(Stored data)
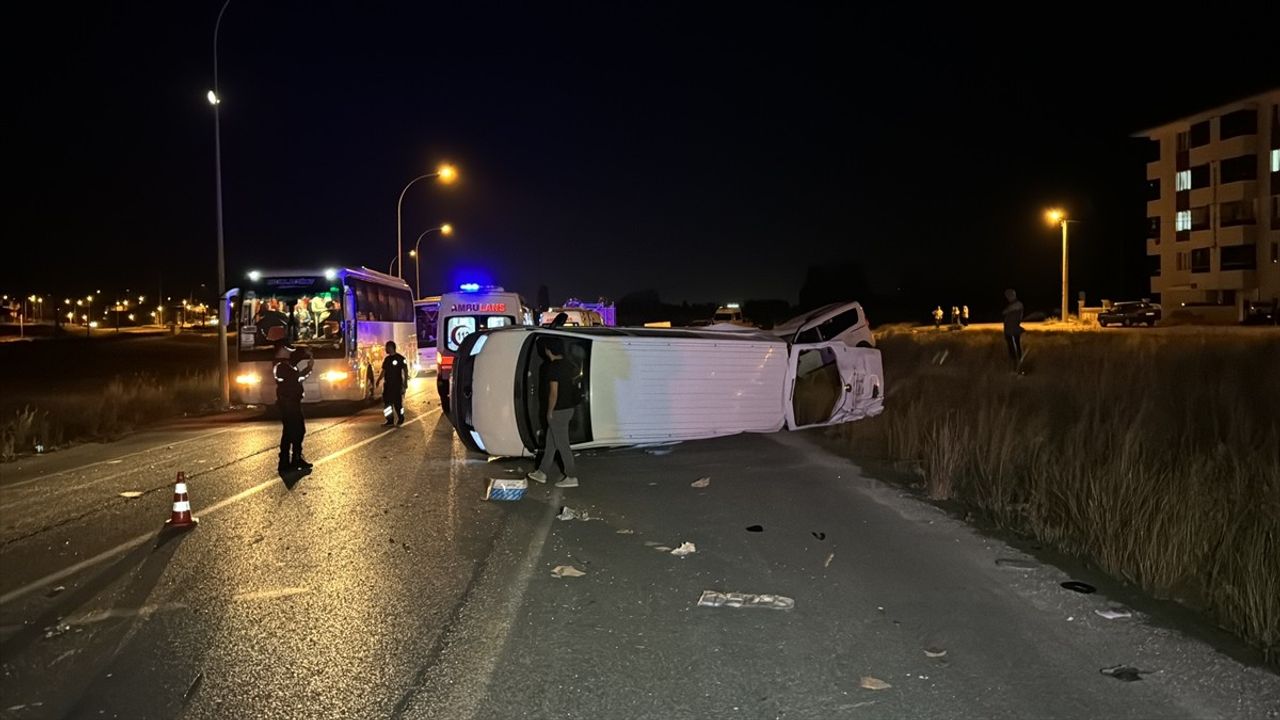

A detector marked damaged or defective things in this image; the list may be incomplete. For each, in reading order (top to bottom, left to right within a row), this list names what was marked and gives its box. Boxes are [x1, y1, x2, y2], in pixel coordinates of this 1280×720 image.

overturned white van [448, 319, 880, 453]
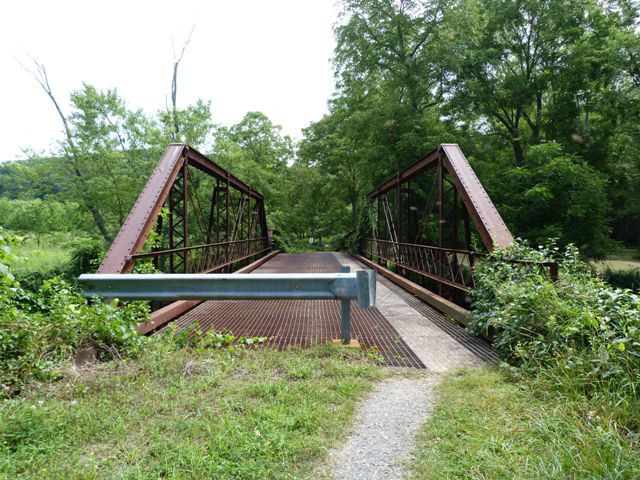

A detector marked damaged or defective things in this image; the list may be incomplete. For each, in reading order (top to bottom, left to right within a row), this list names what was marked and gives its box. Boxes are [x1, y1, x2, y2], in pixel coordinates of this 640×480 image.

rusty metal truss [99, 143, 272, 274]
rusty metal truss [360, 141, 516, 302]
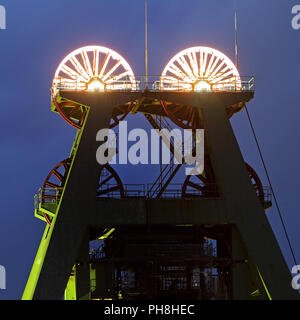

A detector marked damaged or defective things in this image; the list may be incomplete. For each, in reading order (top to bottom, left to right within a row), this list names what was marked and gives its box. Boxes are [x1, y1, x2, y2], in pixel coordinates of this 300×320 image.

rusty metal structure [22, 45, 298, 300]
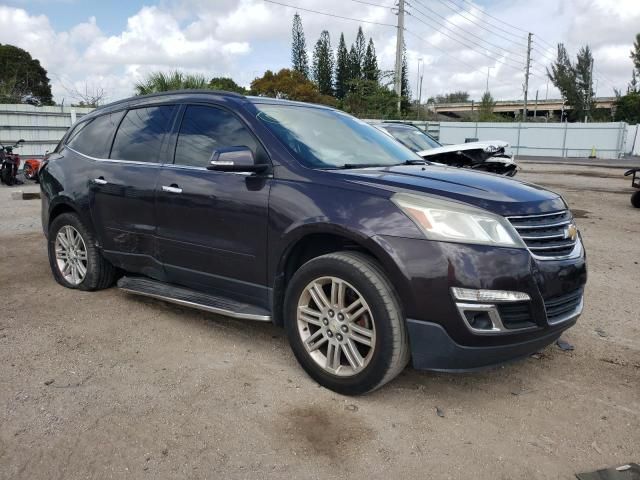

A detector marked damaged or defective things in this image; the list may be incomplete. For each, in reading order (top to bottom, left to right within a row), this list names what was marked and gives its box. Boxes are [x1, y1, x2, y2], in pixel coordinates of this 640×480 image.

damaged vehicle [378, 122, 516, 178]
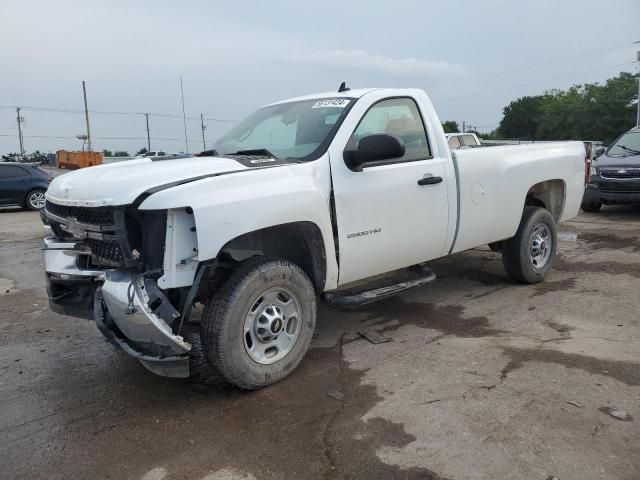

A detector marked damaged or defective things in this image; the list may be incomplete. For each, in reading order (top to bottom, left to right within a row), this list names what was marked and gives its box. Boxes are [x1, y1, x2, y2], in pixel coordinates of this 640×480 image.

damaged bumper [42, 236, 190, 378]
damaged front end [41, 201, 194, 376]
cracked asphalt [0, 204, 636, 478]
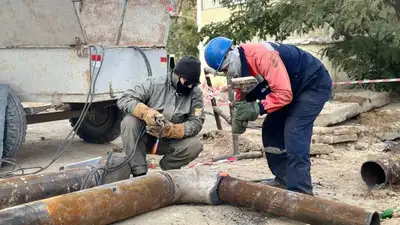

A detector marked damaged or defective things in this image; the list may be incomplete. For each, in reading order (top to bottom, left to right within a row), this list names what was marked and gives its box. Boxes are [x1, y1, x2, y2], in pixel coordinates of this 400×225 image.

rusty pipe [0, 153, 130, 209]
rusty pipe [0, 169, 222, 225]
rusty pipe [0, 171, 378, 225]
rusty pipe [217, 174, 380, 225]
rusty pipe [360, 157, 400, 187]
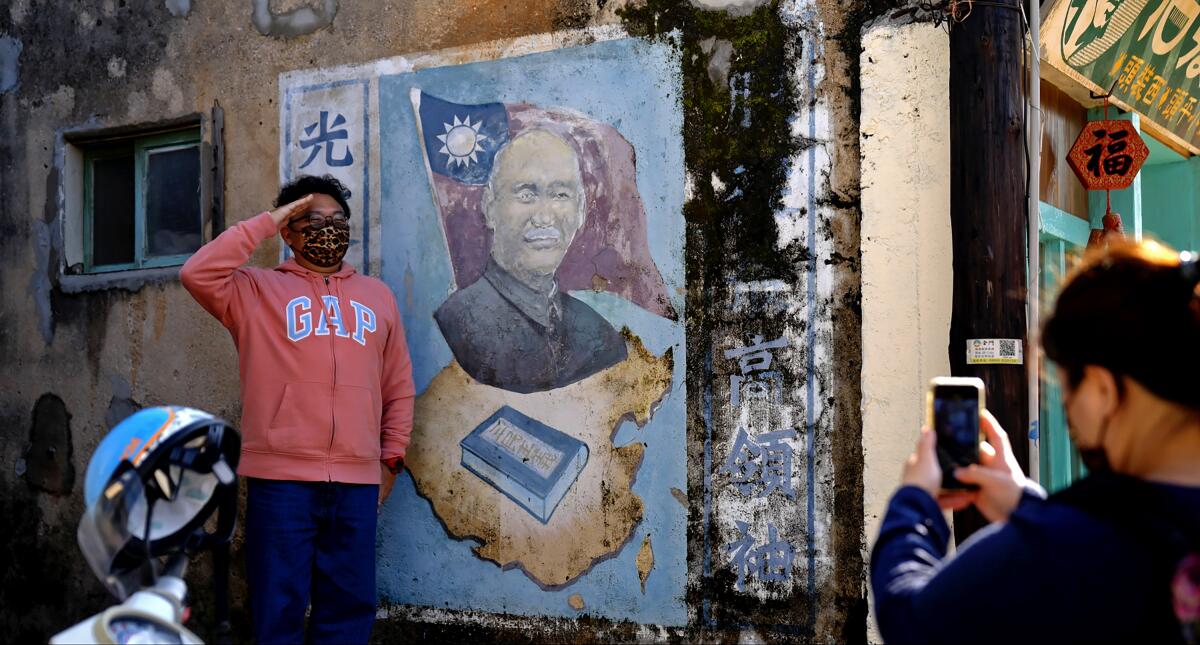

__TASK STATEMENT__.
Starting at the line with "this 400×225 image.", reproduce exactly each line through the end of the entries, including the first and the last, and skip the pictures.

__RESPONSE__.
A detector marked damaged or defective things in this image; the list may be incomplete. For each, in reading order (top to bottom, left to right within a row), this list names what was marked and gives its box. Boxes are [x1, y1, x2, y2], in pixel coordinates of this 400×225 image.

rusty pipe [0, 153, 130, 209]
rusty pipe [0, 169, 222, 225]
rusty pipe [0, 171, 378, 225]
rusty pipe [217, 174, 380, 225]
rusty pipe [360, 157, 400, 187]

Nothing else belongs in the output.